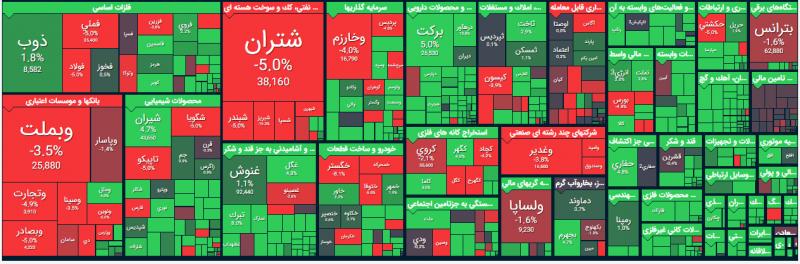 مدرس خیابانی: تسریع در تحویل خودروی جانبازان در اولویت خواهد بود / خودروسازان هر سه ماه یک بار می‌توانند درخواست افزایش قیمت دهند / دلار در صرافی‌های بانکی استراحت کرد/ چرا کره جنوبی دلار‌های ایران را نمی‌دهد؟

+++

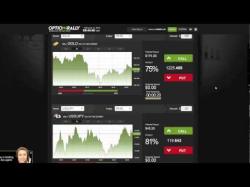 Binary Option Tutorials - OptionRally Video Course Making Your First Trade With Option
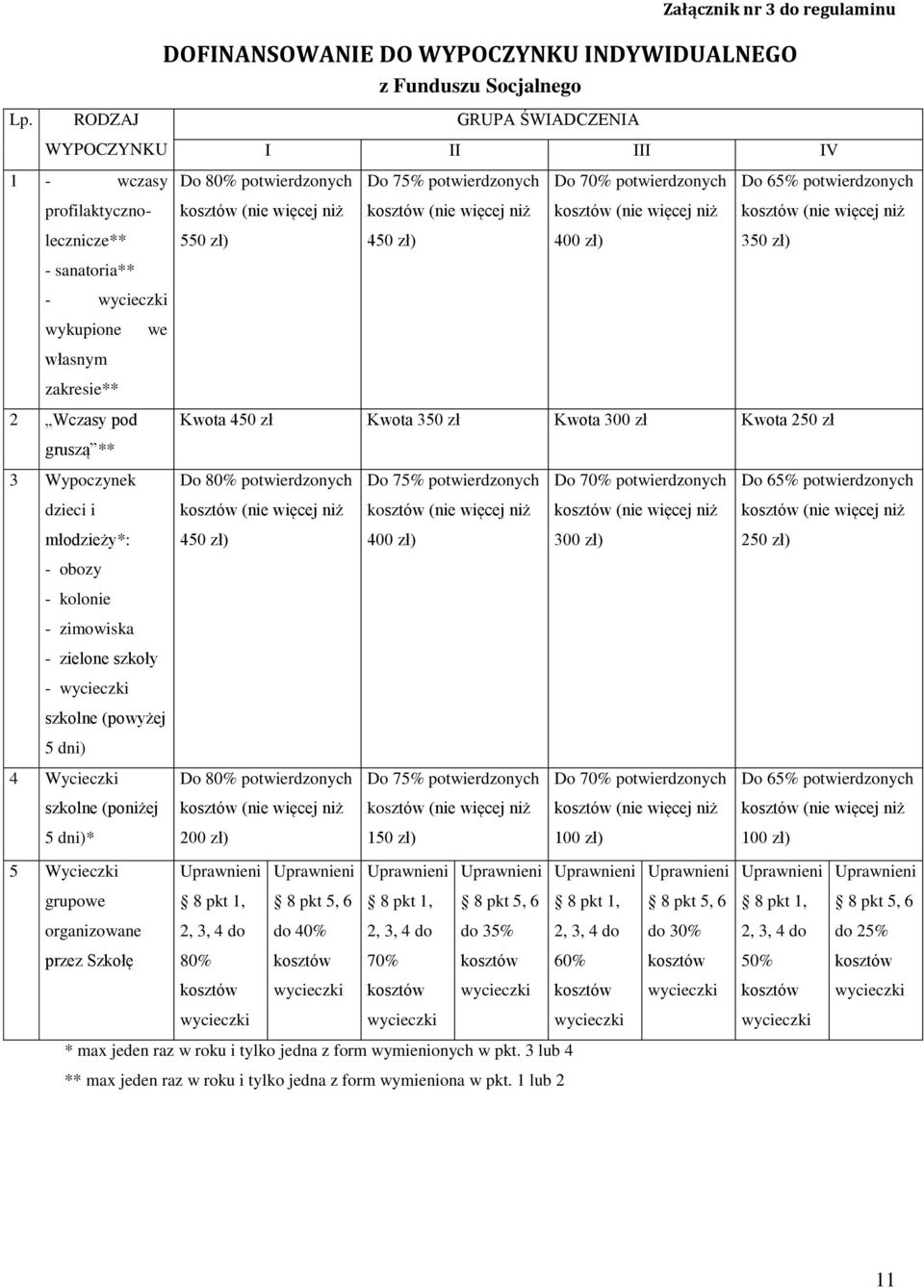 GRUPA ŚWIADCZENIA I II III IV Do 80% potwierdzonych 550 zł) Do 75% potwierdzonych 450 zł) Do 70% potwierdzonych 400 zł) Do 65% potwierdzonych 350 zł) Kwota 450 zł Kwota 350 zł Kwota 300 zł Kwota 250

+++

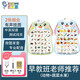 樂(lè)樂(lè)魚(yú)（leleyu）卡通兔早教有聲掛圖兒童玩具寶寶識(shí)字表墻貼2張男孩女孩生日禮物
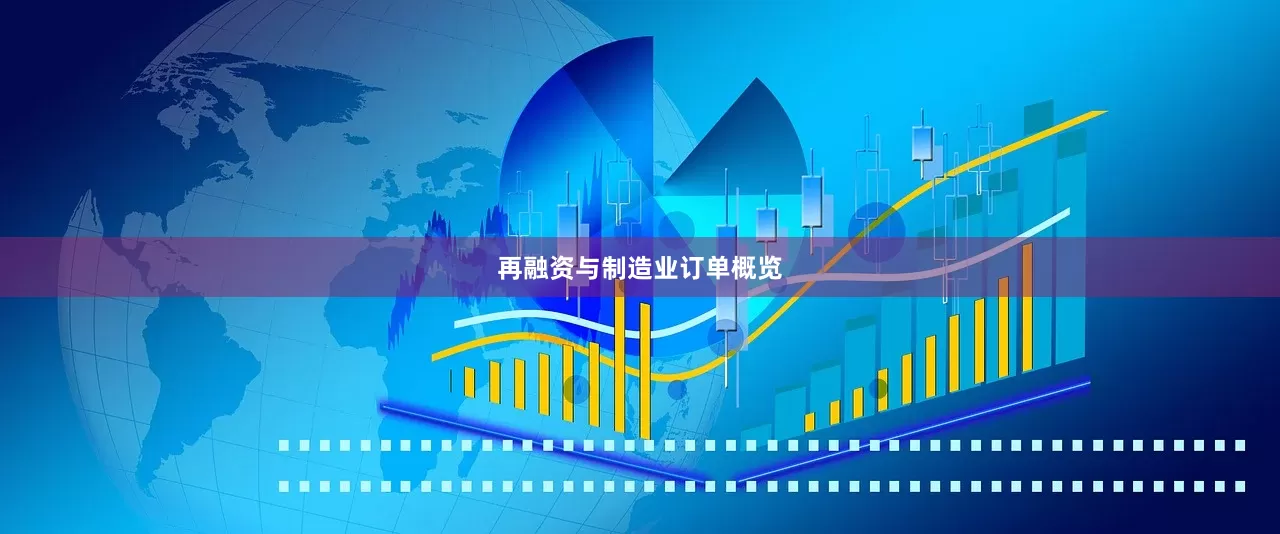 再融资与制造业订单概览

+++

Above are the records; please give again, exactly and in full, only the lines that run from the line with "Binary Option Tutorials" through the line with "GRUPA ŚWIADCZENIA I", with no pictures.

#### Exercise result
 Binary Option Tutorials - OptionRally Video Course Making Your First Trade With Option
 GRUPA ŚWIADCZENIA I II III IV Do 80% potwierdzonych 550 zł) Do 75% potwierdzonych 450 zł) Do 70% potwierdzonych 400 zł) Do 65% potwierdzonych 350 zł) Kwota 450 zł Kwota 350 zł Kwota 300 zł Kwota 250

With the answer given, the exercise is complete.